Small but perfectly formed – twelve things to do with alpine strawberries aka fraises des bois
Like quails’ eggs, the whole raison d’étre of the alpine strawberry is its size. As regular readers will know, the Saucy Dressings blog has a firm Life Is Too Short philosophy at its foundation. There seems little point to picking heaps of tiny strawberries, just to morph them into jam. You need to do things with them where their smallness can be appreciated – and this will normally mean some kind of garnish.
And because they a brilliant scarlet colour they are doubly perfect for garnish – I can’t see the allure of the white, colourless variety – a strawberry should be red for heaven’s sake!

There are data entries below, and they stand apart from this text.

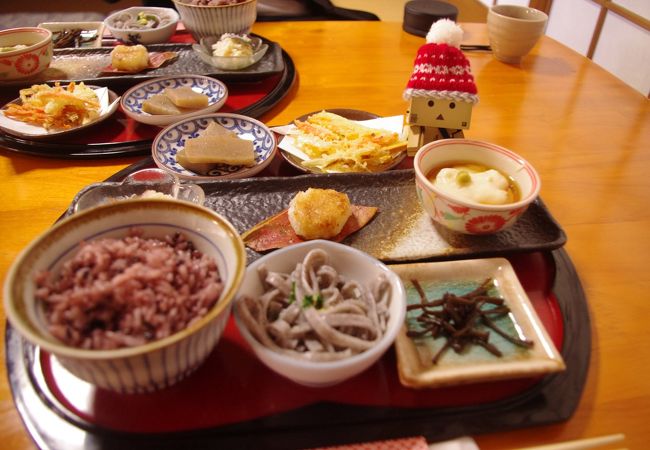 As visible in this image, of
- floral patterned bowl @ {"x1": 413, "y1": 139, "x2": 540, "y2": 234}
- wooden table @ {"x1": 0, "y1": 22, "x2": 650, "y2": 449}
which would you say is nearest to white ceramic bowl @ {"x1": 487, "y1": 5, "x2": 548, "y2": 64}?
wooden table @ {"x1": 0, "y1": 22, "x2": 650, "y2": 449}

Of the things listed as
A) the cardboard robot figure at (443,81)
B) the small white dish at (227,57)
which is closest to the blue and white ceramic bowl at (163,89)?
the small white dish at (227,57)

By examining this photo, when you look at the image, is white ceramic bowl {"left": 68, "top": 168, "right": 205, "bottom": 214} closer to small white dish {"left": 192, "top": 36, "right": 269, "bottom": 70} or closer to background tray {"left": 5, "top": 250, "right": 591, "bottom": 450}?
background tray {"left": 5, "top": 250, "right": 591, "bottom": 450}

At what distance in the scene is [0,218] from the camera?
164cm

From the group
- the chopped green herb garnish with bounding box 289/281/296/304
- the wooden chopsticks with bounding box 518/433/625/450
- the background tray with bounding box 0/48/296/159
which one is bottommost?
the wooden chopsticks with bounding box 518/433/625/450

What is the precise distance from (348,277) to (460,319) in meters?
0.31

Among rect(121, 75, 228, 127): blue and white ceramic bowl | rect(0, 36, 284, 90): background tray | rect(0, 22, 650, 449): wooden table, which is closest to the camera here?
rect(0, 22, 650, 449): wooden table

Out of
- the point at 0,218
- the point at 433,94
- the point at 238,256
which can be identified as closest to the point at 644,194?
the point at 433,94

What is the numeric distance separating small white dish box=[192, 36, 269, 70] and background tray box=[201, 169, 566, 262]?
109 cm

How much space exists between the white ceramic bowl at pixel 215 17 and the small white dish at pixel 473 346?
2121mm

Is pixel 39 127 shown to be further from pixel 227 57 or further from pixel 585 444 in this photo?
pixel 585 444

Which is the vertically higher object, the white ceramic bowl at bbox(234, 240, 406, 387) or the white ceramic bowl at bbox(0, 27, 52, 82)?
the white ceramic bowl at bbox(0, 27, 52, 82)

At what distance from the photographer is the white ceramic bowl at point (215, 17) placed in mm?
2705

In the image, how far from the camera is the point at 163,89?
233cm

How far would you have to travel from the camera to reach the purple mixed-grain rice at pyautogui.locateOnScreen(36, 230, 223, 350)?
91 cm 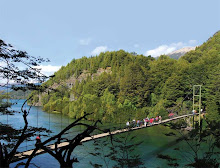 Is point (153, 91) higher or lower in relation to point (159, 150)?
higher

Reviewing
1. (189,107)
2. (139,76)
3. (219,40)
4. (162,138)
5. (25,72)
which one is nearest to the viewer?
(25,72)

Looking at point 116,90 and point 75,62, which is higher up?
point 75,62

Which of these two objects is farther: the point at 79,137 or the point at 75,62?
the point at 75,62

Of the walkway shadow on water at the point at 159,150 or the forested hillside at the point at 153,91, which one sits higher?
the forested hillside at the point at 153,91

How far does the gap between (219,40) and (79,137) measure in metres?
23.1

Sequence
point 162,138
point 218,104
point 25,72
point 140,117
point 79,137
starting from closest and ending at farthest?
1. point 79,137
2. point 25,72
3. point 162,138
4. point 218,104
5. point 140,117

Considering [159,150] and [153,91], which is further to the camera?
[153,91]

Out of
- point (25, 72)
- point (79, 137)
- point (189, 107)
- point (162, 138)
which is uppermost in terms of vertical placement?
point (25, 72)

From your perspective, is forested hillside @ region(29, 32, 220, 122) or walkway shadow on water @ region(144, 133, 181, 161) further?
forested hillside @ region(29, 32, 220, 122)

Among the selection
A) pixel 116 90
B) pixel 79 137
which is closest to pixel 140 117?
pixel 116 90

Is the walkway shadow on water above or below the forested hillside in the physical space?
below

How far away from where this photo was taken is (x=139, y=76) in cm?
1775

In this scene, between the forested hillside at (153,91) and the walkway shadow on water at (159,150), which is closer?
the walkway shadow on water at (159,150)

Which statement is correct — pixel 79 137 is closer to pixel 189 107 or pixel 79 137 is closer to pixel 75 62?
pixel 189 107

The season for alpine strawberries is May to August.
Here is a list of twelve things to do with alpine strawberries:
- In fresh or frozen peas, lightly boiled, with mint and peppery olive oil – a sort of culinary pun
- Another pun – in a salad of fagioli beans, chopped green pepper and spring onions
- To strew over muesli or porridge
- With hazlenuts on salads
- With hazlenuts on crumbles
- As a garnish for roasted duck breasts
- On ice cream, crumbled with amaretti biscuits
- Or on frozen lemon yoghurt, crumbled with amaretti biscuits
- On fairy cakes
- With fromage frais
- Dropped into vodka or champagne cocktails
- Cover the bottom of each ramekin of crème brulée
“Do you remember that kind and beautiful girl in Grimm’s fairy tales, who is driven out by her stepmother to find strawberries in the snow? How she comes to the dwarves’ house and shares her crust of bread with them?
And how, as she sweeps the snow aside with their broom, she finds growing there – strawberries? That vivid image of delight, of fruit and snow against forest darkness, is never forgotten. It’s our northern winter longing for summer, a joy of the mind. And yet, in the sudden snow of winter a couple of years ago, I went to sweep our doorway – and found strawberries.”
Jane Grigson’s Fruit Book
There’s something very fairy tale about fraises des bois (strawberries of the woods). Listen to Stephen Sondheim’s Into The Woods while you experiment.